The companies are already complaining about the regulations, suggesting that the millions of dollars they will spend on regulatory requirements and taxes would be better spent on creating 10,000 new jobs. But it would be a short-sighted choice. Luckily both the DEP and concerned citizens are taking a closer look, in the aftermath of the recent blowout at a Marcellus shale natural gas well in West Virginia. What had happened not too long ago at Hickory PA, could now come to this part of the county.
Here's what a Pittsburgh Post-Gazette article had a few days ago:
"The industry noise began with a "blowout" on June 3 at a Marcellus Shale well outside Penfield in rural Clearfield County.

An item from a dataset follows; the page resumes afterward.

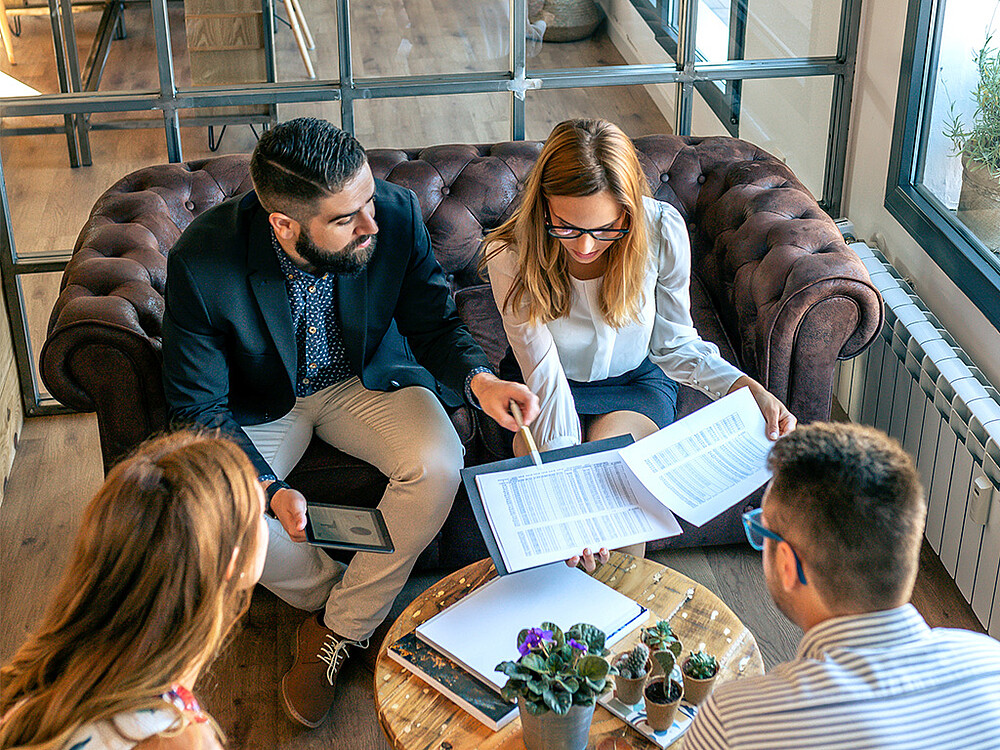 Ansicht von oben auf ein Team aus vier Personen, die sich auf einem Ledersofa über Dokumente unterhalten. Ein Mann hält ein Tablet in der Hand und deutet mit einem Stift auf ein Dokument. Diese Szene veranschaulicht das Konzept der hybriden Zeiten, in dem Arbeit und Privatleben in einem ökosystemischen Rahmen vereint werden. Das ideale Büro wird als kommunikativer und einladender Knotenpunkt dargestellt, eingebettet in ein flexibles Netzwerk aus verschiedenen Arbeitsräumen, einschließlich Dritträumen und Home-Office, das eine ganzheitliche und umweltfreundliche Lebensweise fördert.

That well, adjacent to the Moshannon State Forest, spewed natural gas and drilling wastewater contaminated with toxic chemicals into the air for 16 hours.
On Monday, drillers hit a pocket of methane in an inactive deep mine, causing an explosion and fire that flared 50-feet high for four days, destroyed a drilling rig and burned all seven workers on the well pad, located in a farm field near Moundsville in West Virginia's northern panhandle.
"We're horrified by the possibilities of that happening here," Ms. Borowiec said about Marcellus Shale wells planned for a pad 1,500 feet from homes in Upper Burrell. "The more research we do the more horrific it is, and I don't think a lot of people know what's going on."
The Pennsylvania and West Virginia accidents at gas wells tapping into the mile-deep, gas-rich Marcellus Shale formation have alerted some for the first time to risks that accompany what some have termed a gas-drilling gold rush, and heightened serious safety and environmental concerns for others.